:: To do ::
Every line below from the one with "Copiapo Apartment |" through the one with "29377 Riptide Dr, Menifee, CA 92585 photo 11" should be retyped exactly, both ends included; no other lines and no pictures.

:: Provided records ::
···

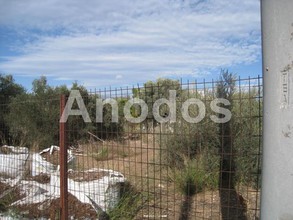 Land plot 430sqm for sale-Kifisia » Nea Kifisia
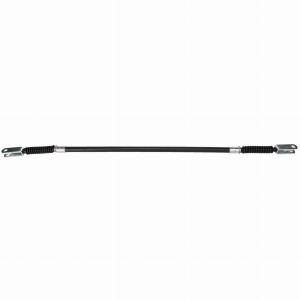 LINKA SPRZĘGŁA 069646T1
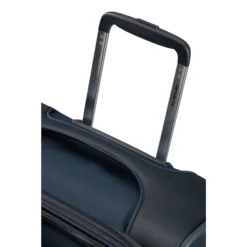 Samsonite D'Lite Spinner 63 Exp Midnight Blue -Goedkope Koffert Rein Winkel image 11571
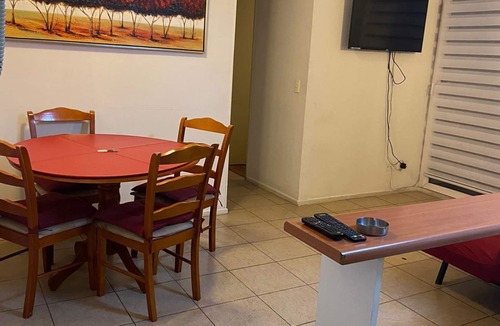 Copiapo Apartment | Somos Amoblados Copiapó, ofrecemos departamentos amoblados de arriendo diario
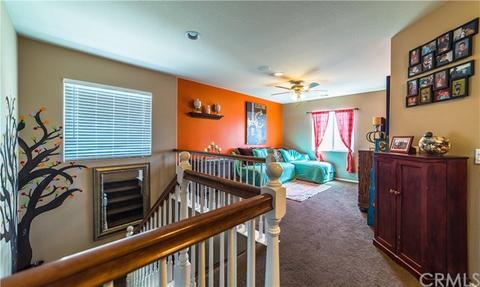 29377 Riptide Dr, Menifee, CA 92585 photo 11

···

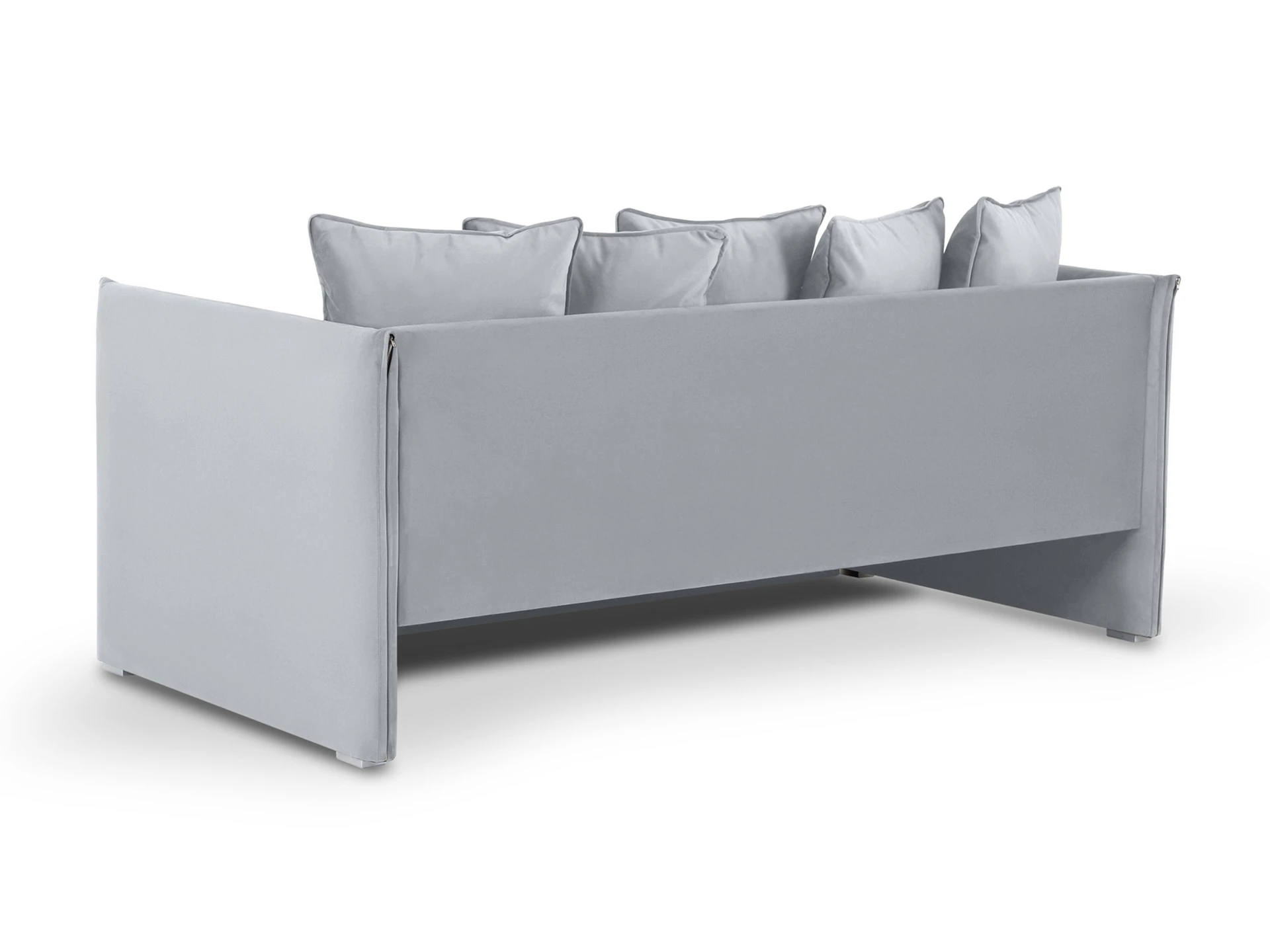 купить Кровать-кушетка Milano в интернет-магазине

···

:: Task response ::
 Copiapo Apartment | Somos Amoblados Copiapó, ofrecemos departamentos amoblados de arriendo diario
 29377 Riptide Dr, Menifee, CA 92585 photo 11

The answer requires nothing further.